DATA BELOW
+++++

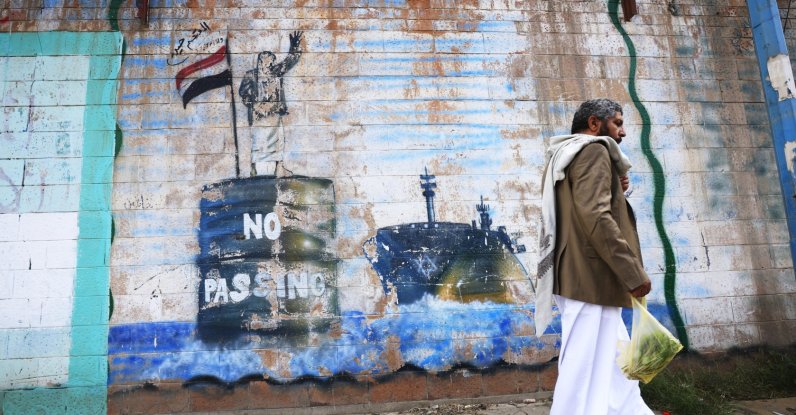 A person walks past the shuttered Saudi embassy with a graffitied wall depicting a Houthi fighter stopping a ship off the coast of Yemen, in Sana'a, Yemen, Sept. 11, 2026. (EPA Photo)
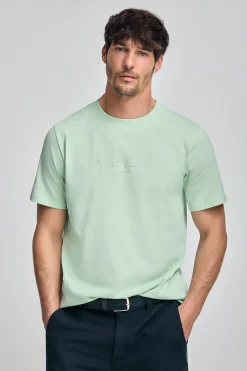 Camiseta color menta de cuello redondo y logo engomado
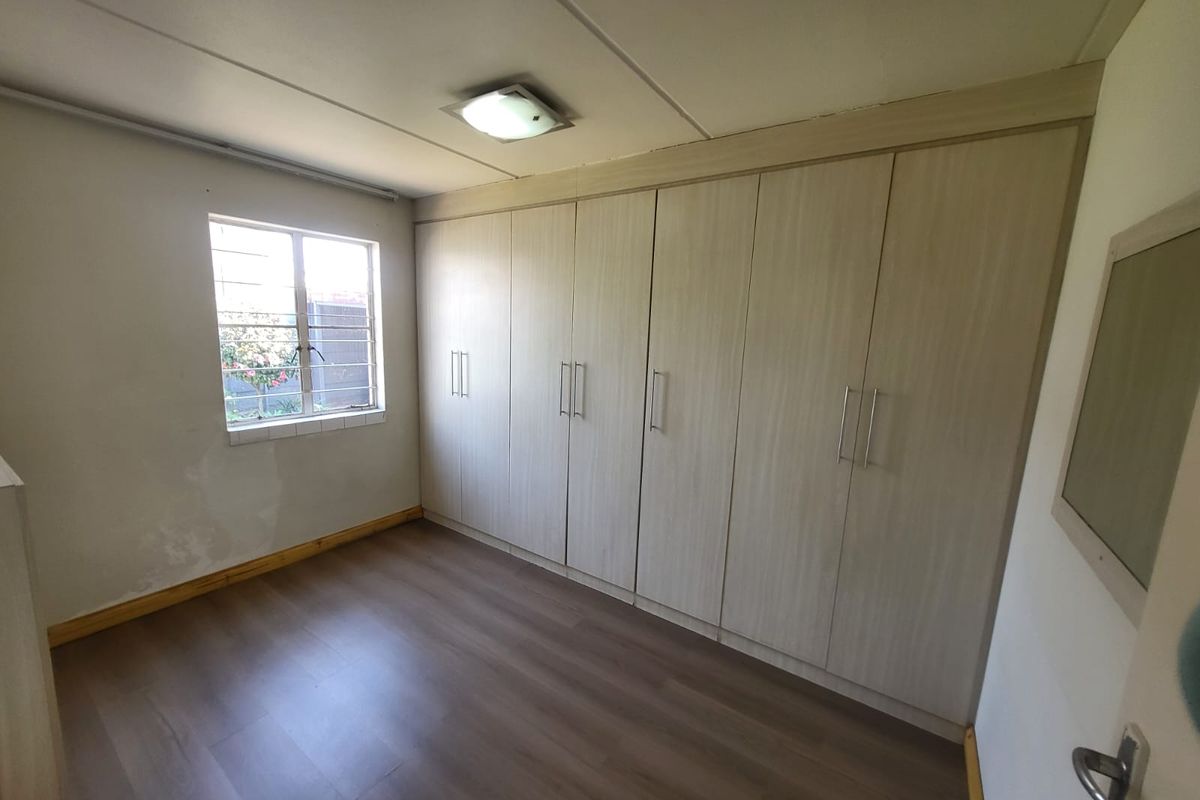 A vacant bedroom featuring extensive built-in cupboards, laminate flooring, and a window with security bars, ready for personalization.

+++++

EXERCISE DIRECTIONS
Set the pictures aside and transcribe the data above exactly.

TASK RESULT
 A person walks past the shuttered Saudi embassy with a graffitied wall depicting a Houthi fighter stopping a ship off the coast of Yemen, in Sana'a, Yemen, Sept. 11, 2026. (EPA Photo)
 Camiseta color menta de cuello redondo y logo engomado
 A vacant bedroom featuring extensive built-in cupboards, laminate flooring, and a window with security bars, ready for personalization.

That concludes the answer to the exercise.